Saved data entries:
--- START ---
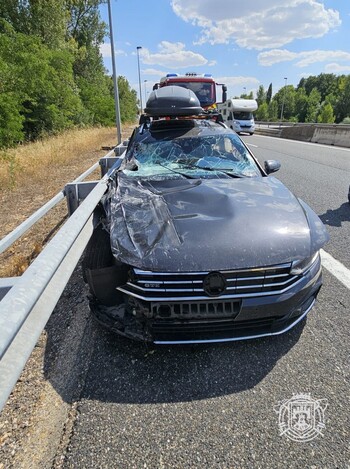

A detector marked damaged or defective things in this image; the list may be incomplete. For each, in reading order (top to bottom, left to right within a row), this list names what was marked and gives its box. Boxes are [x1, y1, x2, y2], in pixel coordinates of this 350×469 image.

shattered windshield [124, 132, 262, 179]
damaged car [83, 87, 330, 344]
dented car body [83, 88, 330, 344]
crushed car hood [107, 173, 328, 270]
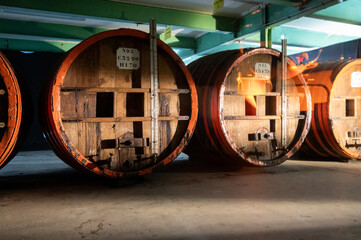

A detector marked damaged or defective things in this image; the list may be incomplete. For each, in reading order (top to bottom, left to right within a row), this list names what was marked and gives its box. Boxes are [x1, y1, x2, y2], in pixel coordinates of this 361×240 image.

cracked concrete floor [0, 151, 360, 239]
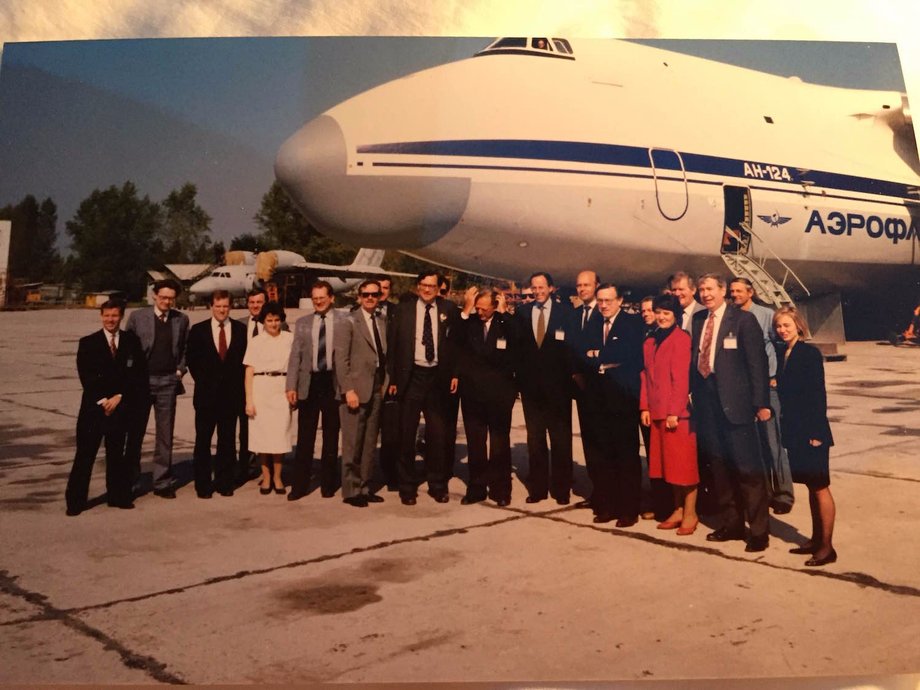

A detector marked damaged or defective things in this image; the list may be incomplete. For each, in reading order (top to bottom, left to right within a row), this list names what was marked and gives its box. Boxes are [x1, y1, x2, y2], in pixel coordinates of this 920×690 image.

pavement crack [0, 568, 187, 680]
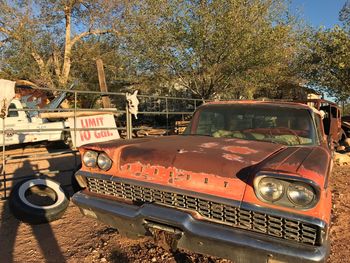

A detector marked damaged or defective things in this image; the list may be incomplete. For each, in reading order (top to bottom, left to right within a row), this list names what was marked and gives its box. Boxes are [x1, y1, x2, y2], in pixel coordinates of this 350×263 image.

rusty vintage car [72, 100, 332, 262]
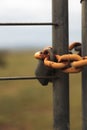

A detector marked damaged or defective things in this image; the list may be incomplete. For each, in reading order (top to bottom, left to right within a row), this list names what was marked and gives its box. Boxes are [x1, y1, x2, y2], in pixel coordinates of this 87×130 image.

rusty chain [34, 42, 87, 73]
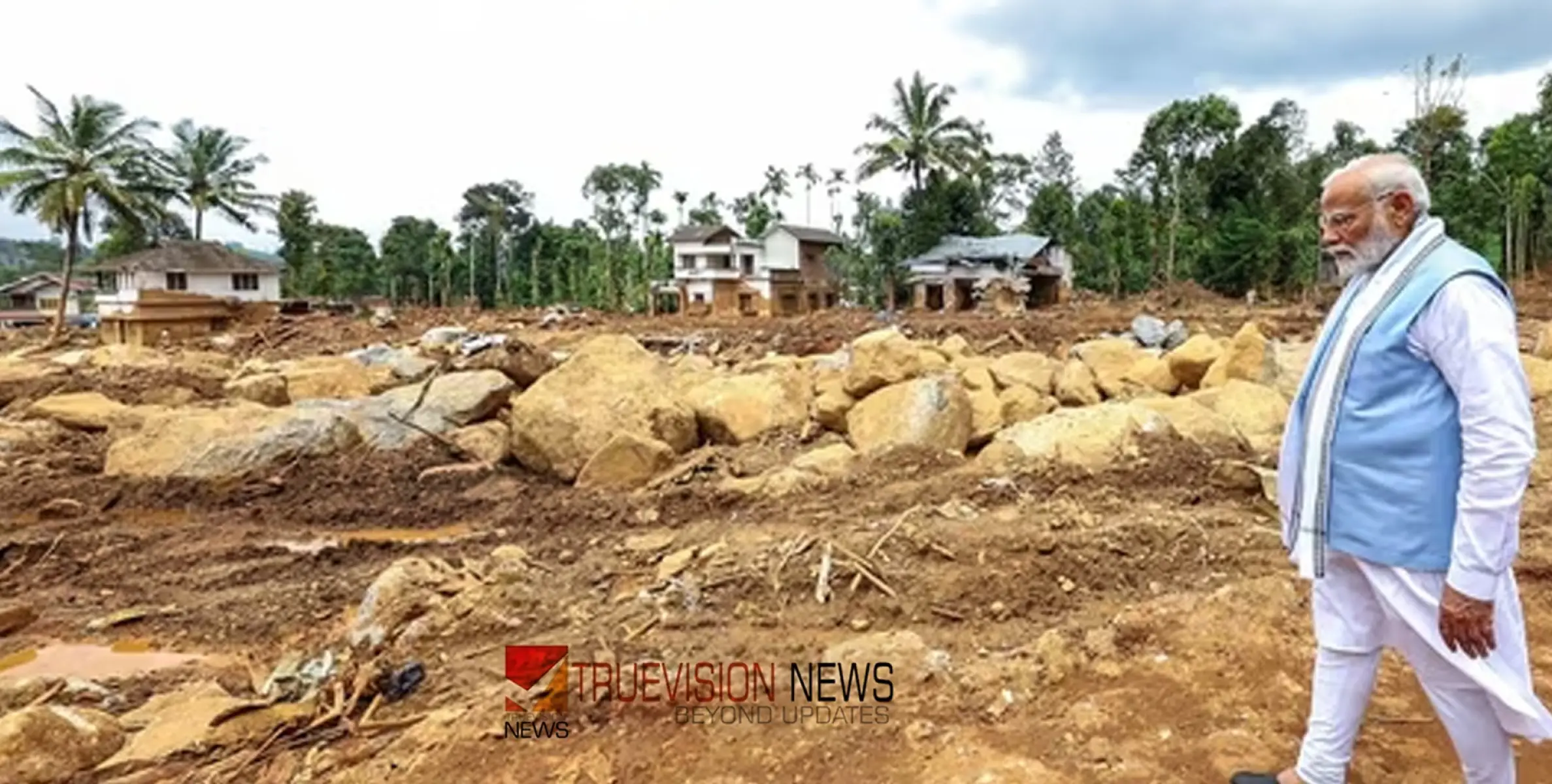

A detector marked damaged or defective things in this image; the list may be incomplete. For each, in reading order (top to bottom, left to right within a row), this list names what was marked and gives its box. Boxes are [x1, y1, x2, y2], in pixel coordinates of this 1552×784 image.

damaged house [906, 233, 1074, 312]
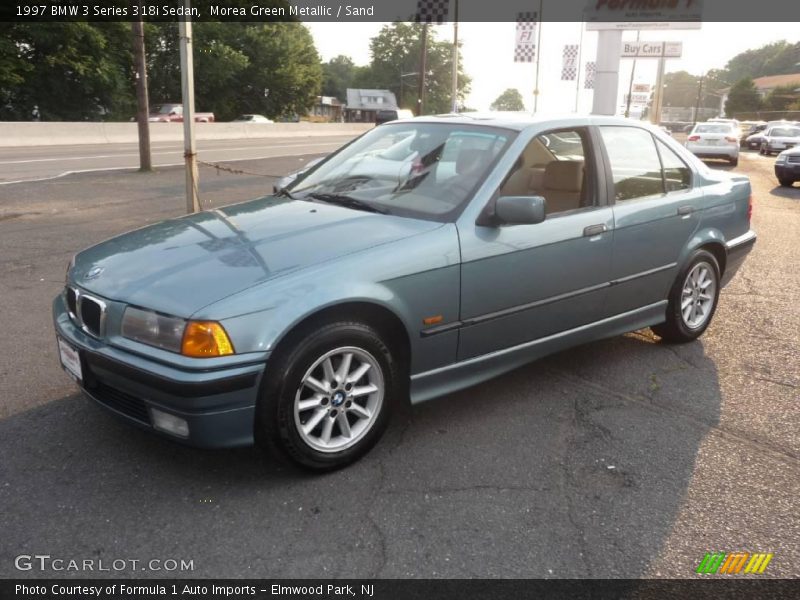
--- END ---
THE PROBLEM: Every line above should be transcribed exactly, though no image should be carried over.

ANSWER TO THIS EXERCISE:
A detector marked damaged or defective things in this image; the list may be incomplete. For each, in reading order (top to bottom, left to right within a row), this list names what was marked and gives its box. Boxes are [x1, y1, x2, y2], in pixel coordinates of this 350×469 image.

shattered windshield [124, 132, 262, 179]
damaged car [83, 87, 330, 344]
dented car body [83, 88, 330, 344]
crushed car hood [107, 173, 328, 270]

A detector marked damaged or defective things in this image; the list may be incomplete. For each, in reading order (top to bottom, left to right within a row), this list names what was marked and gives its box. Boxes are [x1, y1, x2, y2], in pixel coordinates of this 361×240 image.

cracked concrete floor [0, 151, 360, 239]

A detector marked damaged or defective things in this image; the list may be incomplete. For each, in reading order (top to bottom, left to right within a row), this list names what was marked and gives its box. Boxes are [x1, y1, x2, y2], in pixel coordinates of this 920×690 image.

pavement crack [0, 568, 187, 680]

A detector marked damaged or defective things in this image; the list may be incomplete. For each, in reading order (top to bottom, left to right within a row), this list names what was marked and gives its box. Boxes are [x1, y1, x2, y2], in pixel coordinates of this 350×263 image.

rusty vintage car [72, 100, 332, 262]

A detector marked damaged or defective things in this image; the list may be incomplete. For each, in reading order (top to bottom, left to right within a row), this list names what was marked and gives its box. Boxes are [x1, y1, x2, y2], in pixel coordinates of this 87×130 image.

rusty chain [34, 42, 87, 73]

A detector marked damaged or defective things in this image; the list may be incomplete. For each, in reading order (top to bottom, left to right within a row), this list names what was marked and gives its box. Boxes are [x1, y1, x2, y2], in pixel coordinates of this 1552×784 image.

damaged house [906, 233, 1074, 312]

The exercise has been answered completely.